Always use the contract for:
- Any task requiring 3+ AI agents working on shared code
- Multi-module code generation where modules reference each other
- Large document generation with cross-referencing sections
- API development where multiple services must interoperate
- Any task where agent outputs will be merged into a single codebase
Skip the contract for:
- Completely independent tasks with no cross-references
- Single-agent tasks (no coordination needed)
- Research and exploration tasks (no integration surface)
- Quick fixes or single-file changes
- The contract IS the coordination. Review phases add less than 5% value when the contract is comprehensive. Invest in the contract, not in oversight.
- Every agent gets the FULL contract. Not just their section. An agent building the auth module needs to know the exact types the API module expects.
- Specific beats general. "Use
snake_casefor functions,PascalCasefor classes, 4-space indent" is a style guide. "Be consistent" is not. - Parallel beats sequential. The whole point of the contract is to enable safe parallel execution. Do not sacrifice this by adding sequential dependencies.
- Targeted fixes beat regeneration. When validation finds issues, patch the specific lines. Do not regenerate entire modules.
- 10+ agents need automated validation. With many agents, the probability of at least one error approaches certainty.

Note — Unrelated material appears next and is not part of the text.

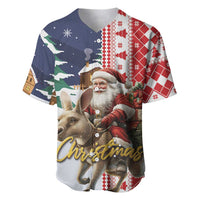 Christmas-themed baseball jersey with Santa, reindeer, plaid and navy print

Validate programmatically.
contract-first-agents/
README.md # This file (SEO-optimized overview + experiment results)
SKILL.md # The complete protocol specification (copy to your agent skill directory)
LICENSE # MIT License
assets/
mascot.png # CapyBuild mascot
docs/
EXPERIMENTS.md # Full experimental methodology and raw data
examples/
contract-template.md # Ready-to-use contract template
Contributions are welcome. If you've run your own multi-agent coordination experiments or have ideas for improving the protocol, open an issue or submit a PR.

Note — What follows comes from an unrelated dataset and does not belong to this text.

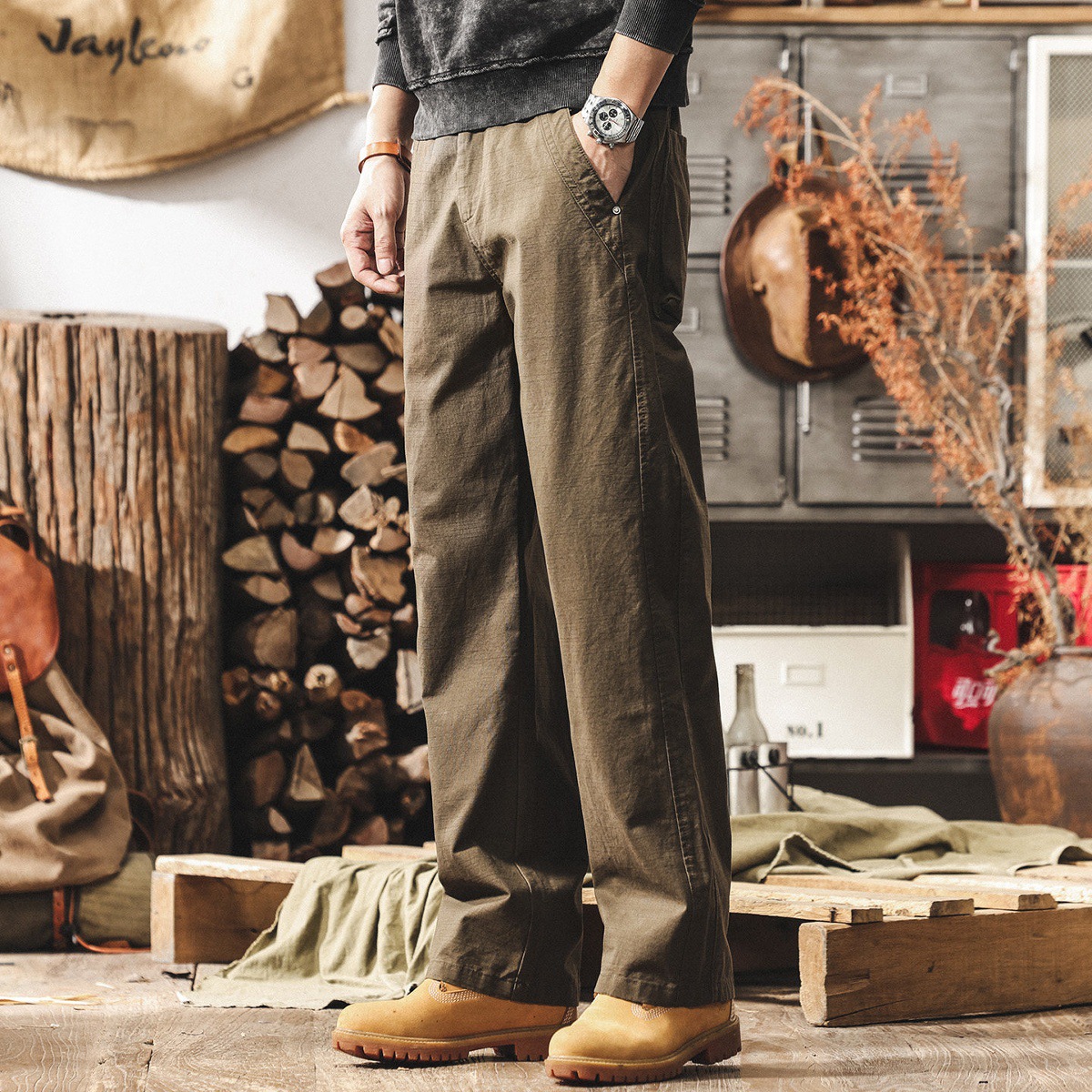美式復古長絨棉工裝褲子男春季2026新款寬鬆直筒潮牌男士休閒長褲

MIT License. See LICENSE for details.
For the search engines, the LLMs, and the curious humans who find things by typing random words into the void
multi-agent AI coordination, contract-first protocol, AI agent orchestration, agent swarm coordination, LLM multi-agent systems, parallel AI agent execution, multi-agent code generation, AI team coordination, contract-driven development, agent interface specification, Claude Code skill, map-reduce agents, agent coordination protocol, multi-agent software engineering, AI coding agents, integration error reduction, interface contract AI, agent collaboration framework, multi-agent quality improvement, AI agent scaling, agentic coding workflow, multi-agent merge conflicts, naming collision prevention, type-safe agent coordination, agent swarm management, TeamCreate coordination, parallel execution AI agents, automated code validation, multi-module code generation, API contract specification, agent output integration, cross-agent interface alignment, multi-agent experiment results, AI coordination benchmark, agent orchestration framework, microservices for AI agents, shared contract protocol, agent task decomposition, multi-agent architecture, AI workforce coordination

Built with care by HappyCapy Research
Making multi-agent AI coordination reliable, one contract at a time.